→ Given records:
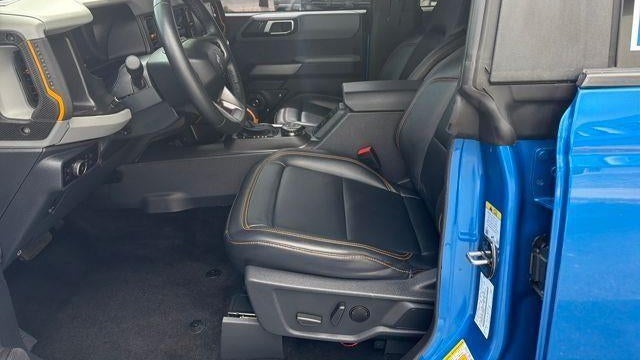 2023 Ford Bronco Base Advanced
--
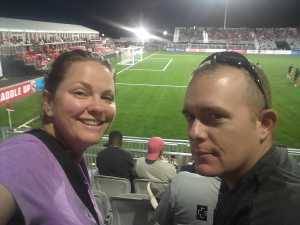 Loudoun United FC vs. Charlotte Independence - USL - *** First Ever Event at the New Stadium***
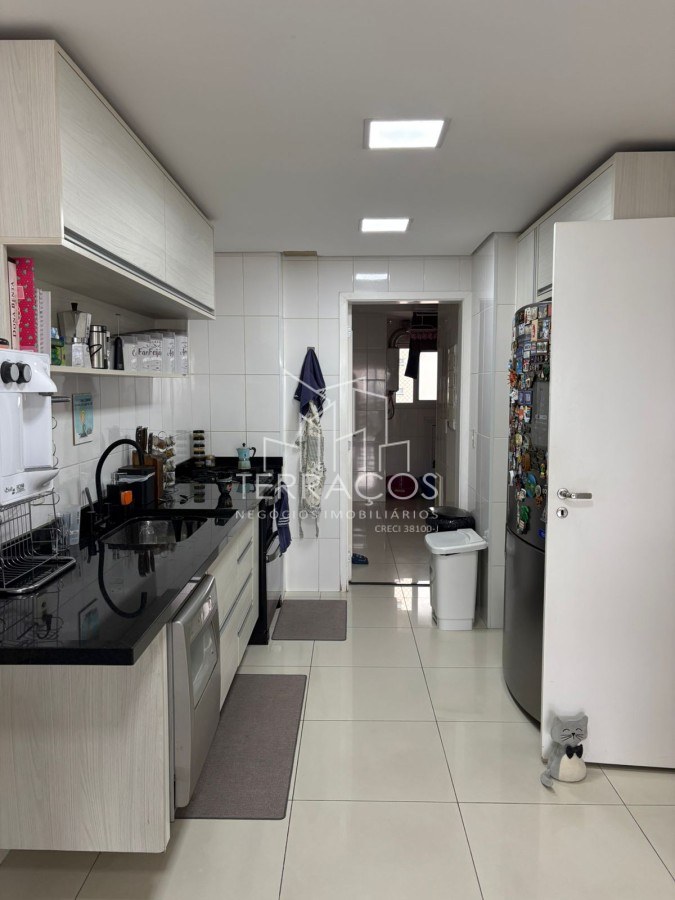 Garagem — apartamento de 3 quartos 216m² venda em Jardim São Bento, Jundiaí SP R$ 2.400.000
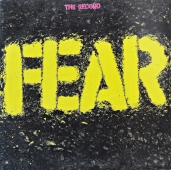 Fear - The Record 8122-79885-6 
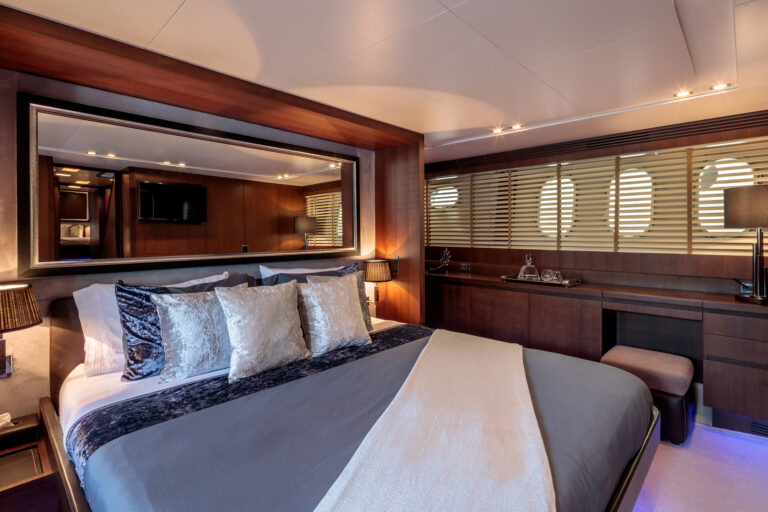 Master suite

→ What the exercise asks:
Leave the pictures out, and transcribe exactly the lines above starting at the one that contains "Garagem — apartamento" and ending at the one that contains "Master suite".

→ Exercise answer:
 Garagem — apartamento de 3 quartos 216m² venda em Jardim São Bento, Jundiaí SP R$ 2.400.000
 Fear - The Record 8122-79885-6 
 Master suite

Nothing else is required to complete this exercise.